King made four voyages between 1817 and 1822 to complete the work which Flinders could well have completed had he lived beyond the age of forty. As well as filling in the gap Flinders left westward of Wessel’s Islands, he surveyed a recently-discovered harbour in Van Diemen’s Land (now Tasmania). He was the first to give a report of Port Darwin, now the site of the capital of the Northern Territory.
Although Flinders achieved a spectacular amount of meticulous and important work during his active career (which had, of course, begun with smaller expeditions from Port Jackson in the 1790s in company with George Bass) a combination of imprudent decisions (which of course would have been vindicated had all gone well) and just plain bad luck prevented him from ‘perfecting the discovery’ of Terra Australis. The fact that his enforced stay on Ile de France had, as Miriam Estensen puts it, ‘a certain ameliorating effect on this ambitious, driven man,’[20] would probably not have been felt by him to be worth the pain and frustration he endured by being kept from his active career. But it seems unlikely that he would be quite the same figure of romance and adulation, had he not been cut off in his prime and prevented from achieving all he wished.
Gillian Dooley, Flinders University, South Australia
[1] Matthew Flinders, Voyage to Terra Australis Volume 2 (London, 1814) 493.
[2] Matthew Flinders, Private Journal 1803-1814 ed. Anthony J. Brown and Gillian Dooley (Adelaide: Friends of the State Library of SA, 2005) 326.
[3] Matthew Flinders, Personal Letters from an Extraordinary Life ed.

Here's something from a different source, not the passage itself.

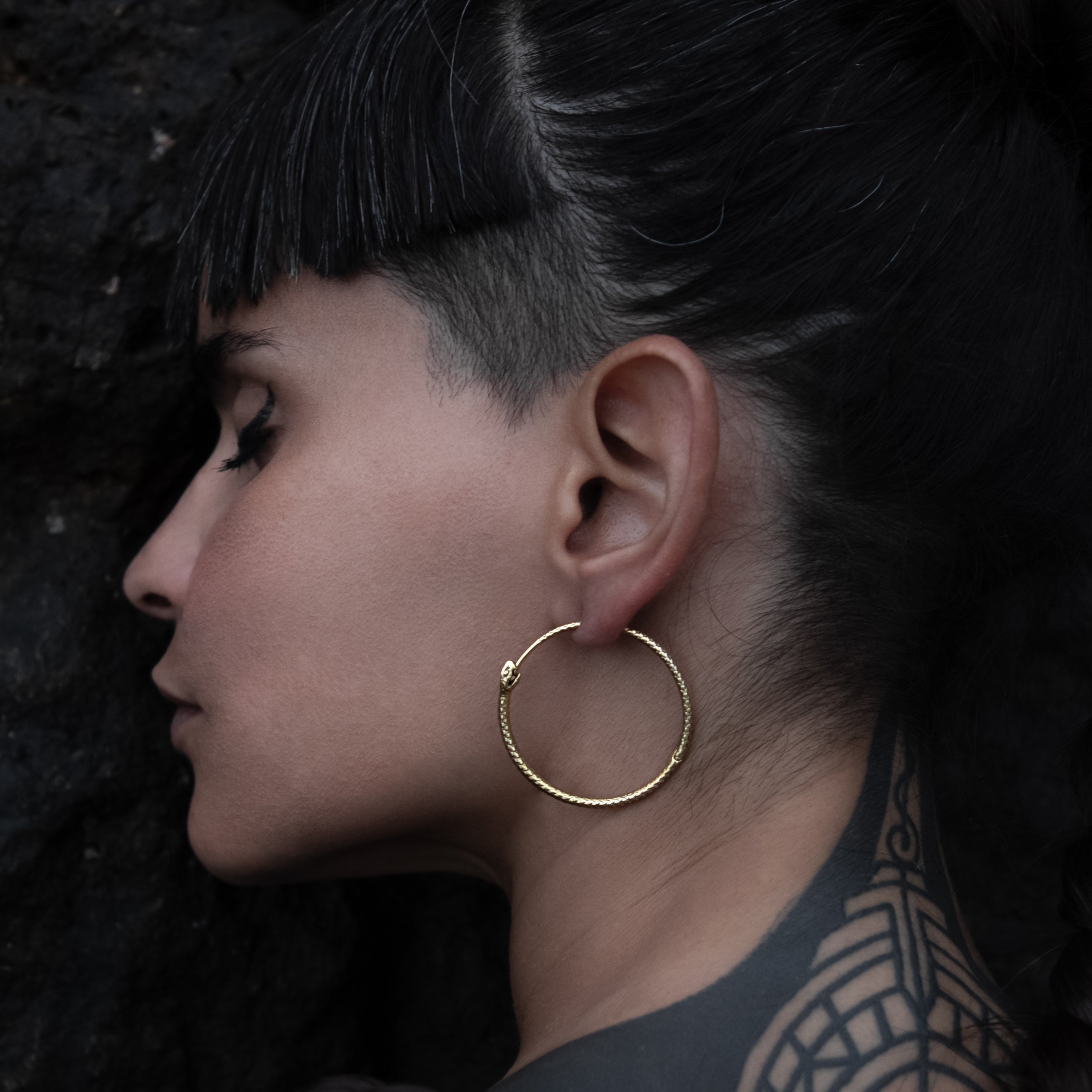 model wearing Ouroboros Hoop Earrings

Paul Brunton (Sydney: Hordern House/State Library of NSW, 2002) 69.
[4] Flinders, Personal Letters 75.
[5] Quoted in Geoffrey Ingleton, Matthew Flinders, Navigator and Chartmaker (Guildford: Genesis Publications, 1986) 423.
[6]Matthew Flinders, Private Letters, vol. 3, 1810-1814, with letters from Ann Flinders, 1814-1821, 269, James Fairfax Matthew Flinders Electronic Archive (online) http://acms.sl.nsw.gov.au/item/itemDetailPaged.aspx?itemID=153830
[7] Flinders, Personal Letters 69.
[8] Flinders, Voyage Volume 1, Chapter 1.
[9] Flinders, Voyage, Volume 2 Chapter 6.
[10] Flinders, Voyage, Volume 2 Chapter 9.
[11] Flinders, Voyage, Volume 2 Chapter 10.
[12] Flinders, Personal Letters 92.
[13] Flinders, Private Journal 14.
[14] Flinders, Private Journal 14.
[15] Flinders, Private Journal 150.
[16] 5 October 1805.
[17] Flinders, Personal Letters 122.
[18] Flinders, Voyage, Volume 1, Preface.
[19] Flinders, Voyage, Volume 2, Book 3, Chapter 1.
[20] Miriam Estensen, The Life of Matthew Flinders (Sydney: Allen & Unwin, 2002) 479.